De eerste verhaallijn speelt in hedendaags Montréal. We volgen Antoine, een internationaal bekende dj die onlangs met zijn jeugdliefde heeft gebroken en is ingetrokken bij zijn nieuwe vrouw. Zijn jeugdliefde is kapot van de breuk, zijn twee dochters zijn boos op hem  en Antoine voelt zich schuldig. En onzeker, want hij had nooit gedacht dat het met zijn jeugdliefde, zijn ‘soul mate’, zou kunnen uitgaan.

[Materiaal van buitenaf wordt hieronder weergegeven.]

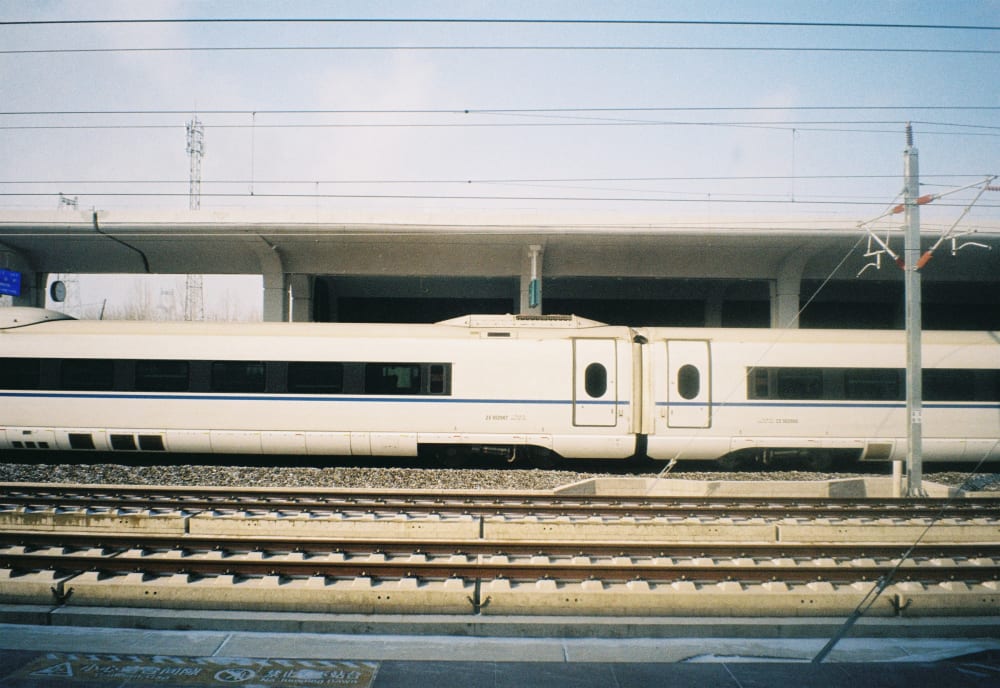 A high-speed train beside railway tracks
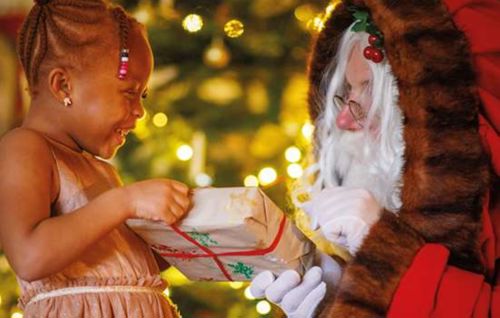 Image of a little girl receiving a gift from Father Christmas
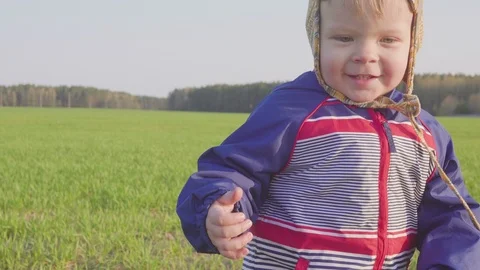 One year old boy goes in the field with young wheat Video stock 89638130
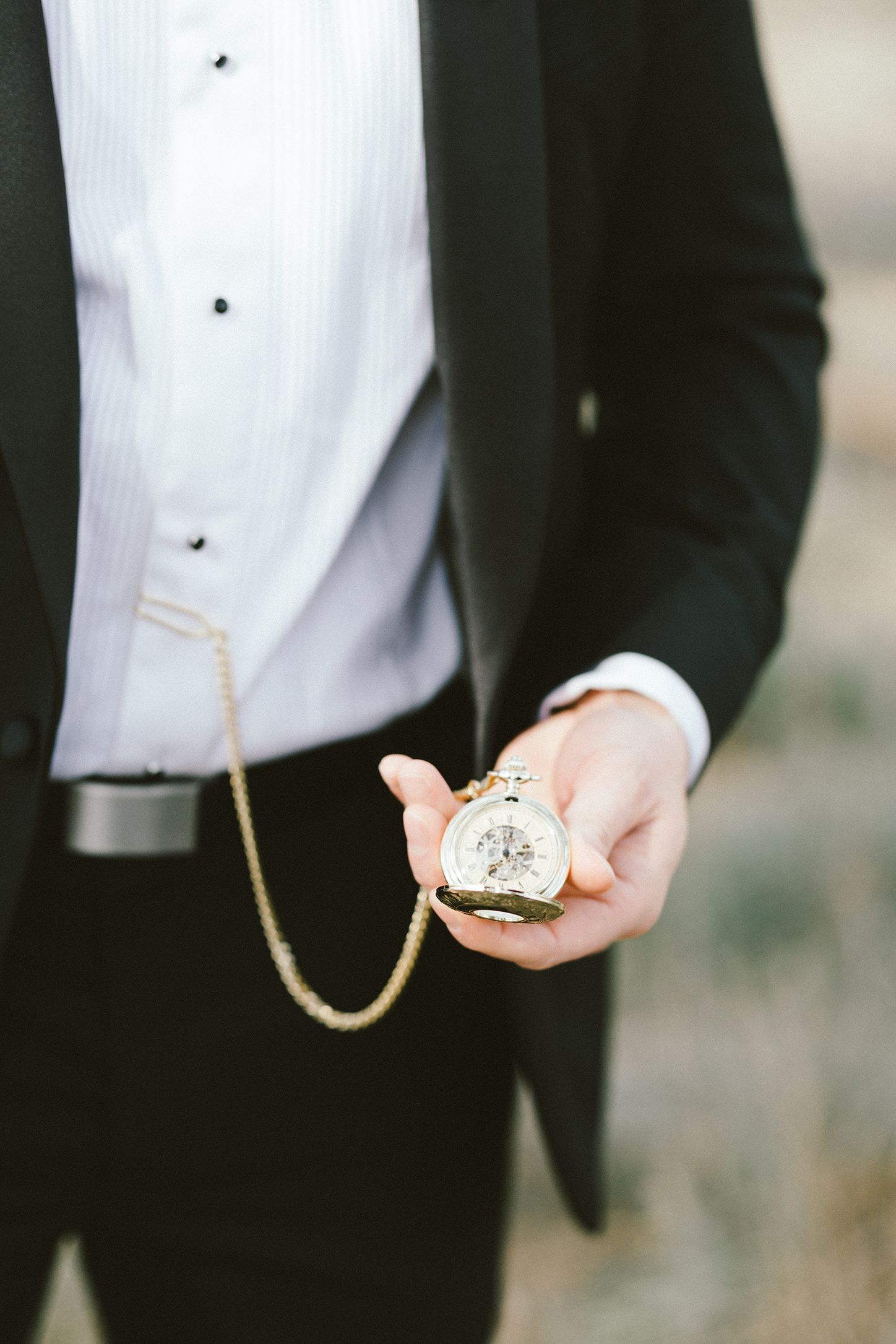 Close up of hands holding vintage pocket watch with chain against formal suit.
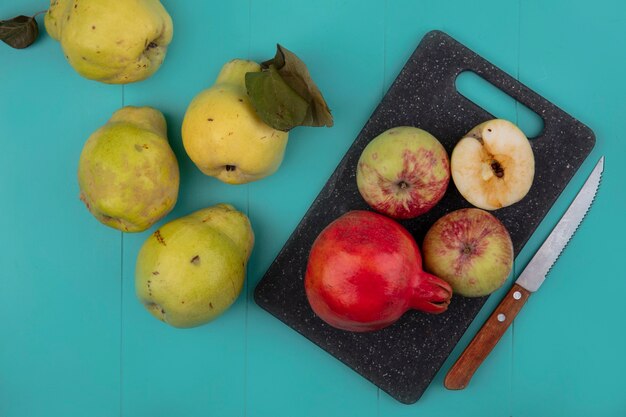 Vue de dessus de la grenade fraîche et des pommes sur une planche de cuisine noire avec couteau avec coings isolé sur fond bleu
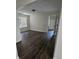Bedroom featuring new flooring, overhead light, and open doorway to bathroom at 1857 Oak Hill Springs Blvd, Lithonia, GA 30058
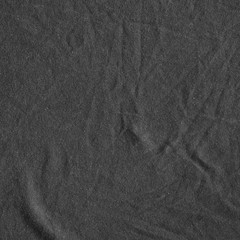 Naklejka premium Black canvas with delicate striped pattern, crumpled.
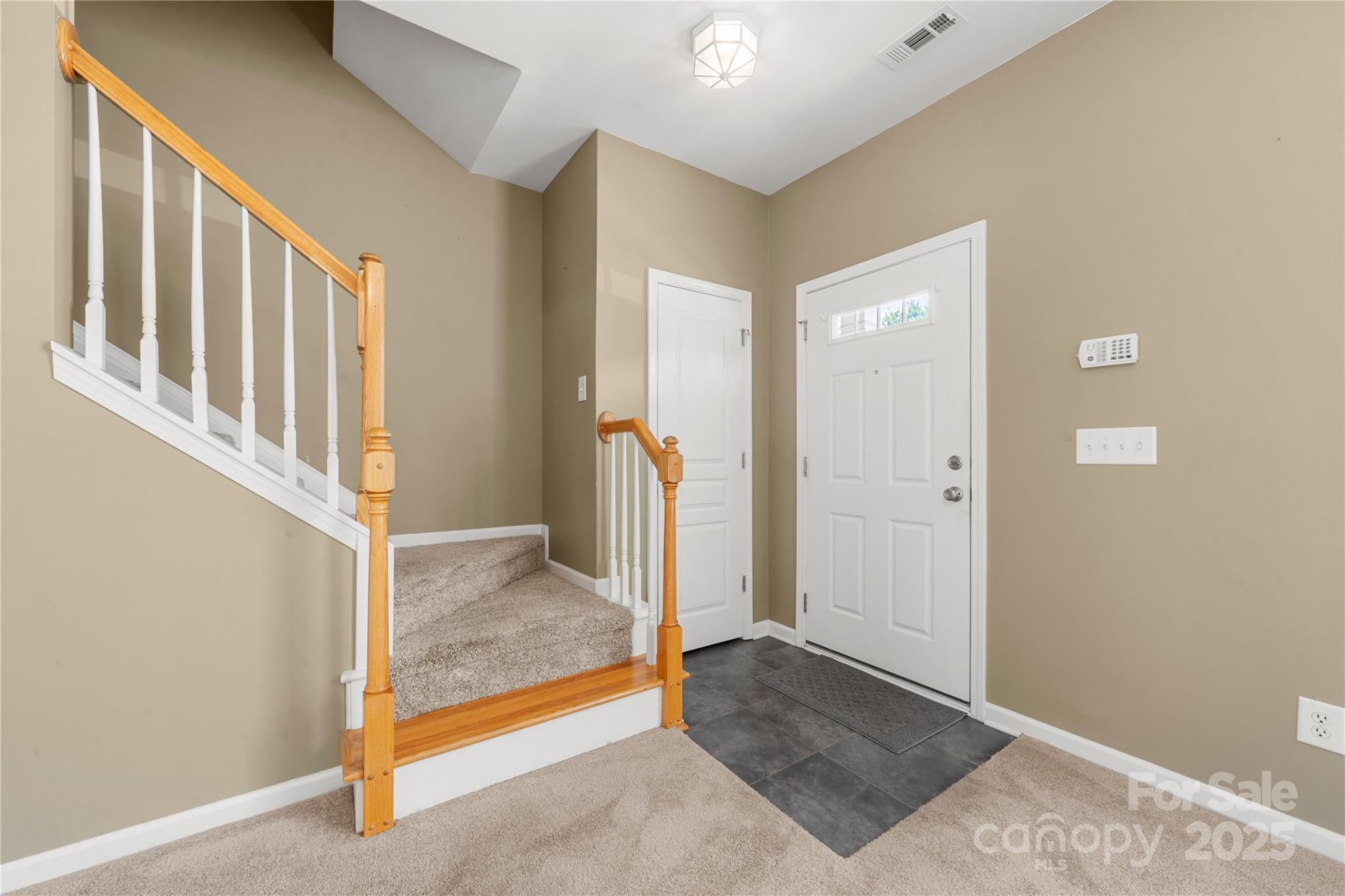 943 Copperstone Lane Fort Mill, SC 29708 - Photo 17 of 37 a view of an entryway with staircase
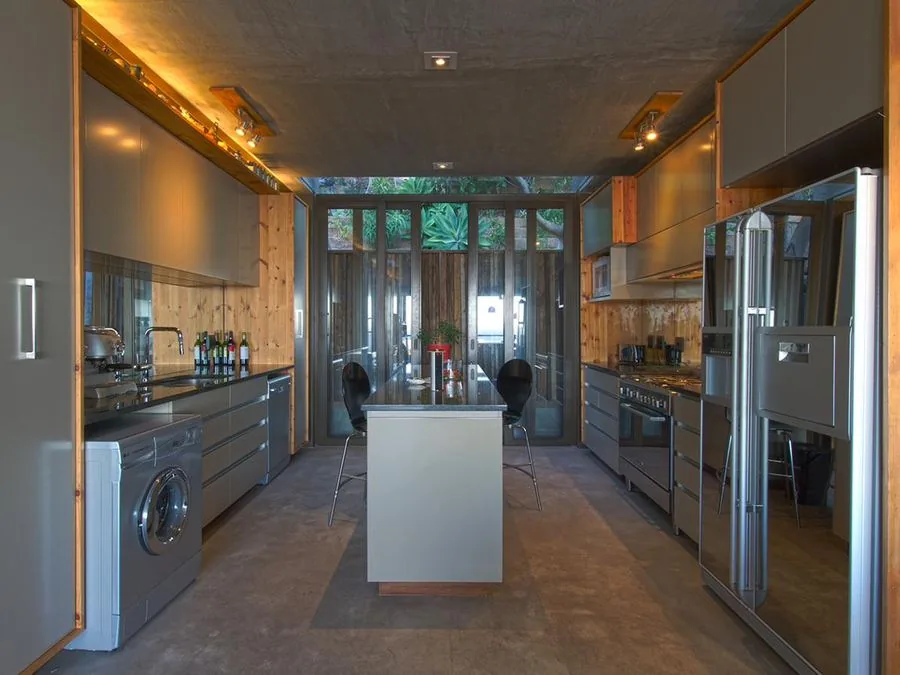 Galley kitchen with timber and steel finishes, Sea Point and Bantry Bay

Verhaallijn twee speelt in het Parijs van de jaren zestig. Jacqueline is alleenstaande moeder van Laurent, een jochie met het syndroom van Down. Niets kan tussen haar en haar zoon komen. De liefde is totaal. Van twee kanten. Totdat er bij Laurent een nieuw meisje in de klas komt, ook met het syndroom van Down.

Vallée schiet heen en weer tussen beide verhalen, met muziek als bindmiddel. Het jazznummer ‘Cafe de Flore’, bijvoorbeeld, is het favoriete nummer van Laurent en van dj Antoine, die het hoorde toen hij zijn nieuwe vriendin leerde kennen.

De moeder van Laurent wordt opvallend goed gespeeld door Vanessa Paradis, de zangeres die in 1986, als veertienjarige, een wereldhit had met ‘Joe le taxi’. Het voormalige kindsterretje en fotomodel overtuigt als slovende moeder van Laurent, en geeft Marin Gerrier, de jongen met het syndroom van Down die Laurent speelt, volslagen naturel tegenspel.

Maar de grootste kracht van Café de Flore is de sublieme, sublimerende montage. Met intrigerende tussenbeelden en flarden muziek (met name de schreeuw uit het Pink Floyd-nummer ‘Breathe’) creëert Vallée een sfeer die je ook na twee uur film nog lang niet wilt verlaten.